I set off for the conference late in July with the generous support of funding from the School’s overseas conference fund administered by its research committee. I arrived a few days before the conference began, providing the potential to recover from jet lag and explore the region. In the few days before the conference began I managed to see Mount Fuji, dodge a typhoon, ride a bullet train, live through a couple of missile launches from North Korea and experience several earthquakes (one that was >6 on the Richter scale manged to wake me at night and allow me to witness what appeared to be patterned water, grid waves, in the harbour outside my hotel).  But once the conference started my attention was fixed firmly on recent research in remote sensing.

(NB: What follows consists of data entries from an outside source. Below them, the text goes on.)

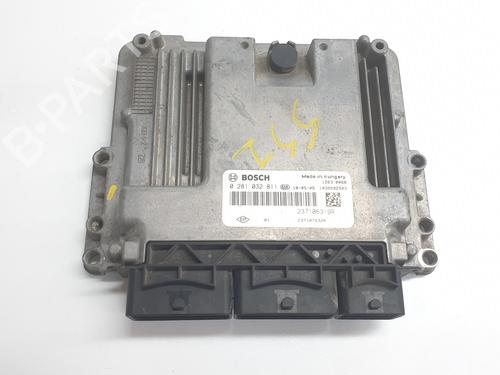 Used Engine control unit (ECU) DACIA DOKKER Box Body/MPV 1.5 dCi (FEAJ) (90 hp) 28800493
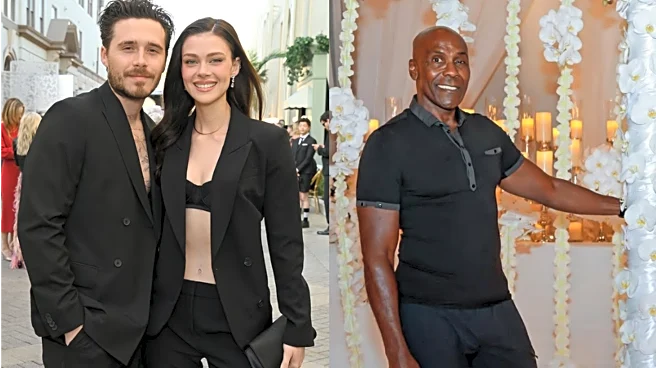 Brooklyn Beckham's wedding planner reacts to drama with Victoria, David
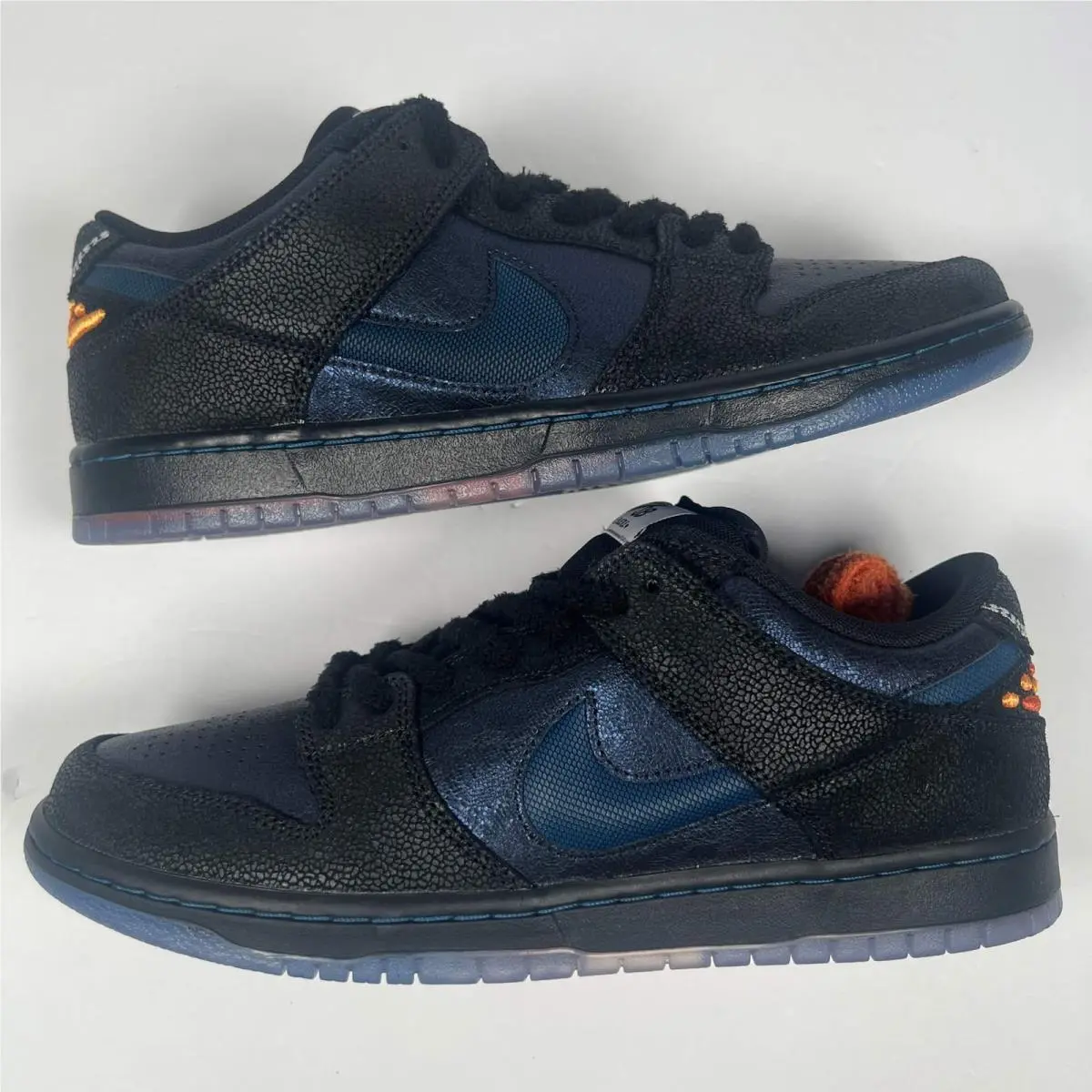 Nike shoes - Nike SB Dunk - Dunk - IQ1323-001 - Black (UPC: 198959690509) 19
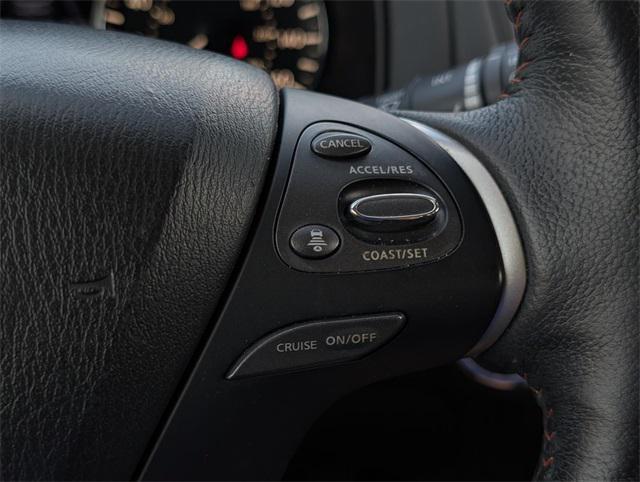 used 2020 Nissan Pathfinder car, priced at $14,998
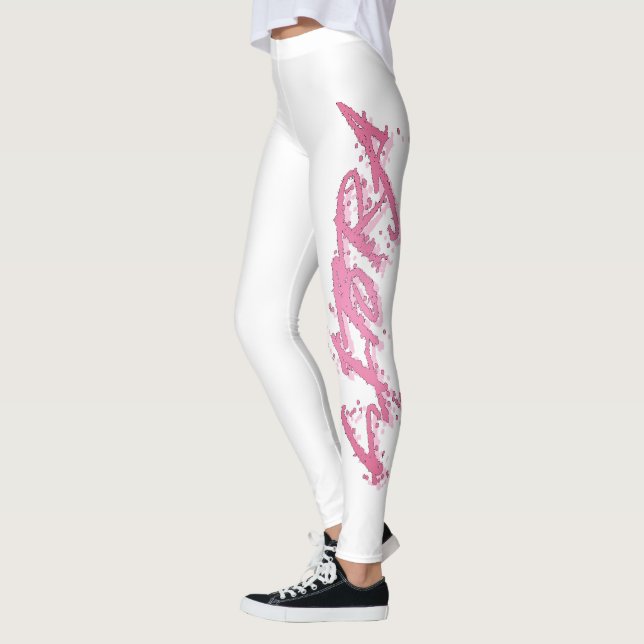 Legging Reflexão Libra (Esquerda)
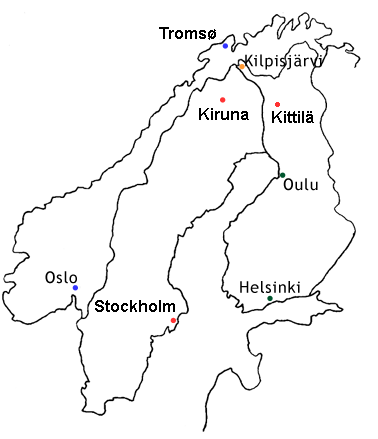 kilpisjarvi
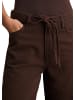 Marc O'Polo DENIM Jeans Model Anjo wide in Shaded Brown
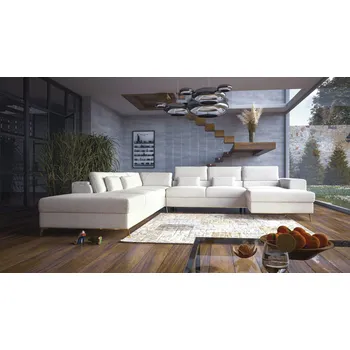 Sedací souprava Rohová sedací souprava CHROME 2XL (HO75+2BK+E+2F+OBK) NEW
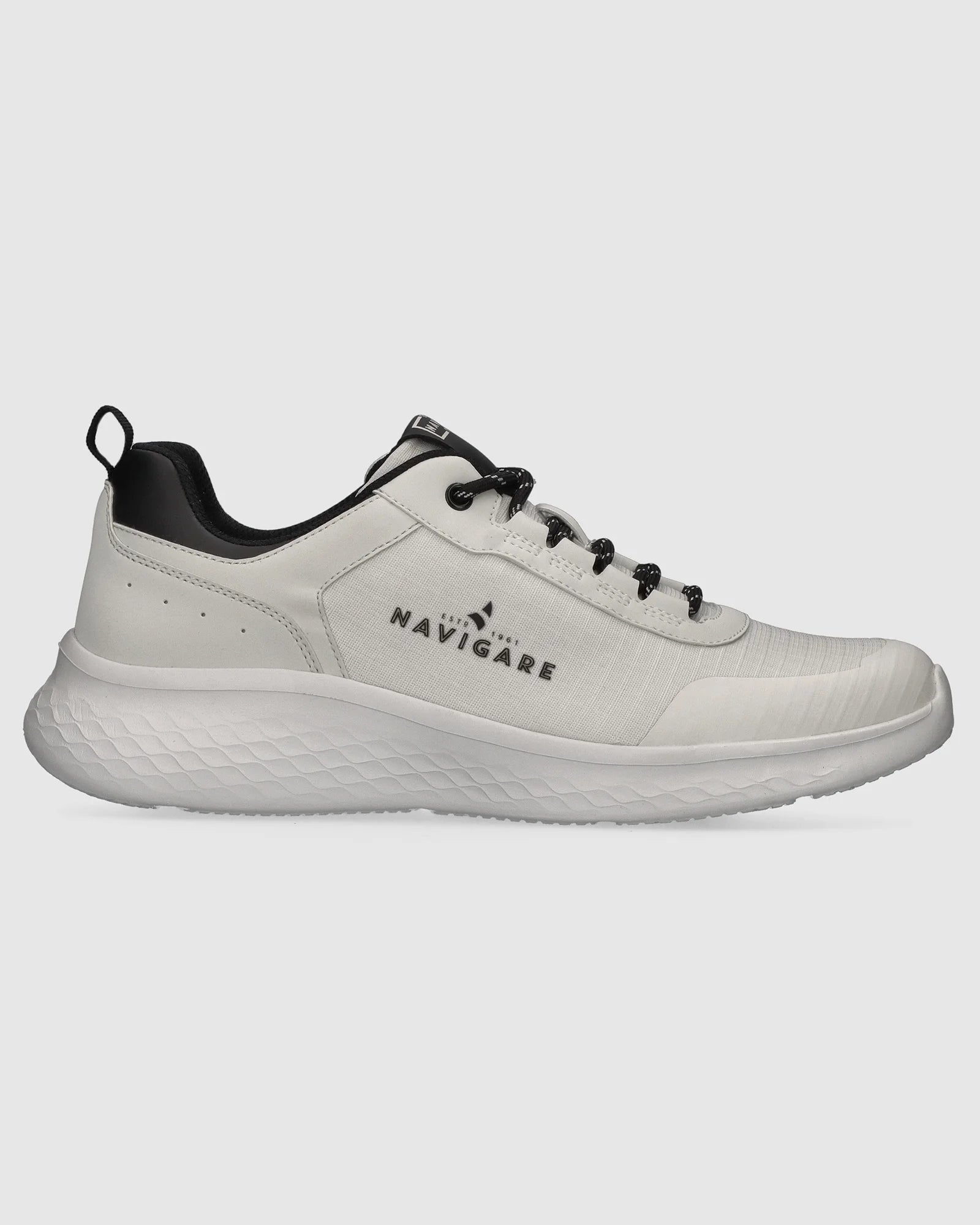 Sporty Ripstop Sneakers Navigare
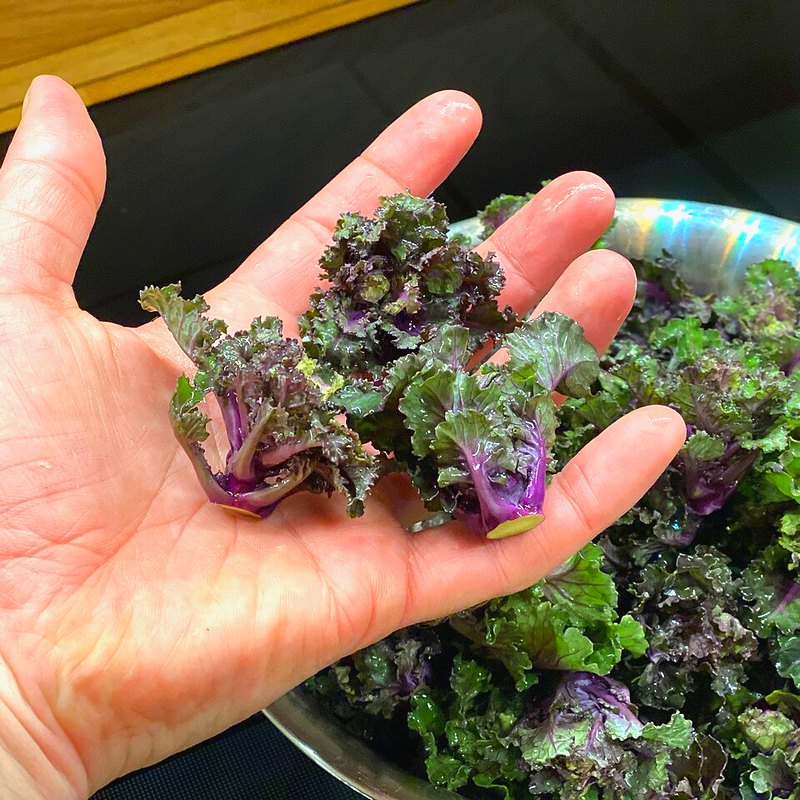 Kalettes (Flower Sprouts)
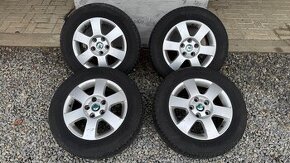 Prodám letní sadu 195/65 R15 6Jx15 ET47 - 1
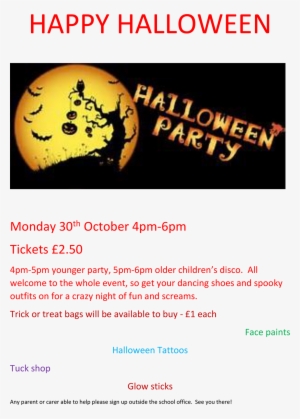 Halloween Wall Print Poster Decor 32x24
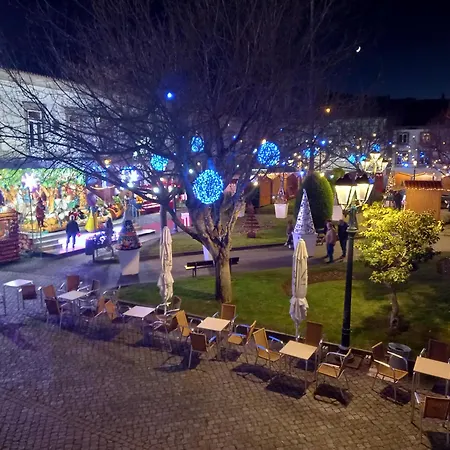 Garden House - Estudio 101 Com Vista Jardim Apartmán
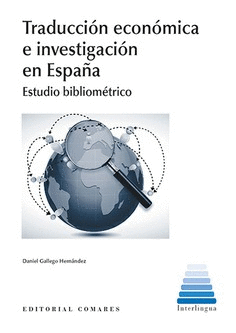 TRADUCCION ECONOMICA E INVESTIGACION EN ESPAÑA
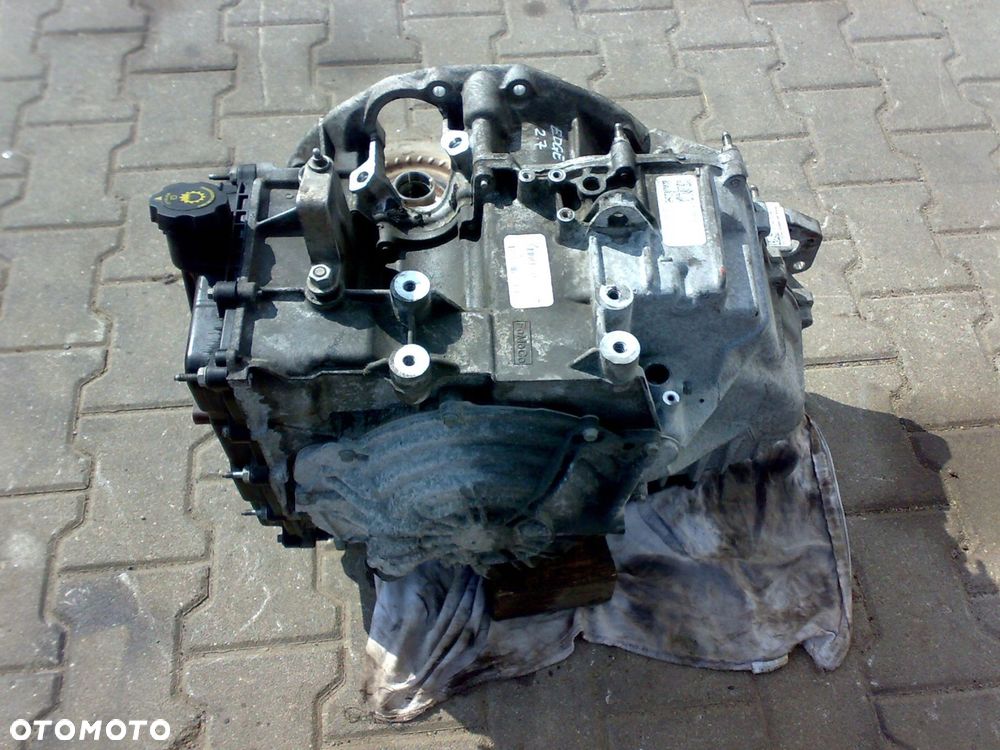 ford edge sport mk2 15-18 2.7 ecoboost skrzynia biegów automat 4wd 116000ki - 1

The venue was the Pacifico conference centre located close to the harbour in Yokohama. The conference began with a session that included a welcome from the Emperor and Empress of Japan. Following this was a standard but huge conference that involved a range of oral and poster presentation sessions as well as tutorials, workshops and an exhibition. This is vastly larger than what happens in the UK. The active UK remote sensing community numbers ~700 and its annual conference will span one day, IGARSS had over 2,700 delegates for a week long extravaganza of remote sensing with typically a dozen parallel sessions running each day. Aside from the session in which a paper I co-authored with colleagues in the School and the Chinese Academy of Sciences, key highlights were the large number of papers on topics of personal interest, notably: super-resolution mapping, labelling error and image classification. The paper I contributed to on the remote sensing of slavery from space with a focus on aging sites associated with slavery was held in a session dedicated to long time series analysis of satellite sensor images. Our paper attracted an audience of around 60, something unimaginable in the UK. In addition our paper attracted the most questions of all papers that I attended, highlighting significant interest in the work and also helping to inform the writing of journal papers.

A key part of any conference is networking. I managed to meet with key figures in the field during the meeting. This includes key contacts on journals. Indeed 5 journals that I have an editorial role on were represented at the conference and I managed to meet with key people, many I had corresponded with via e-mail for years, and deal with a number of pressing issues.

My final major involvement at the conference was to receive the David Landgrebe award “for outstanding contributions in the field of remote sensing image analysis”. This was flattering to receive and I suspect highlights mainly my excellent network of research collaborators. The award was presented at the conference banquet attended by some 600 researchers and I was fortunate enough to sit at a table with a range of very interesting delegates. The latter included organisers of a future IGARSS conference in Malaysia and a world leading researcher who gave a keynote address to the conference and updated me on his recent fascinating research.

I thoroughly enjoyed the conference. It was a great opportunity to share our work on the ‘slavery from space’ project but also to meet and interact with the broader research community. Given the minute size of the UK community, this opportunity to interact with the larger international community was extremely valuable and important. I hope that I will be able to attend the conference next year and present results of several on-going research projects.